DATA SEGMENT →
=== Begin Enclosure ===

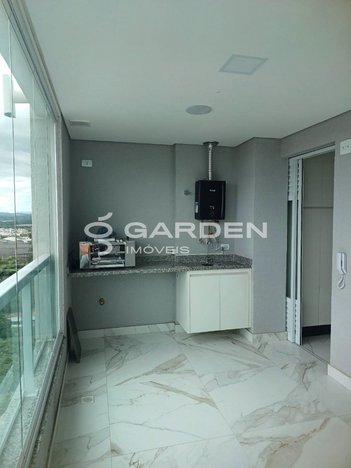 apartment em Rua São Diego, Jardim Califórnia - Jacareí - SP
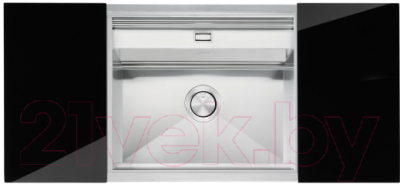 Мойка кухонная Smeg VQMX60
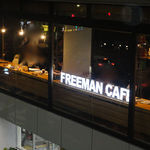 FREEMAN CAFE - 2F店舗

=== End Enclosure ===

Send back the data above word for word, with the pictures left out.

 apartment em Rua São Diego, Jardim Califórnia - Jacareí - SP
 Мойка кухонная Smeg VQMX60
 FREEMAN CAFE - 2F店舗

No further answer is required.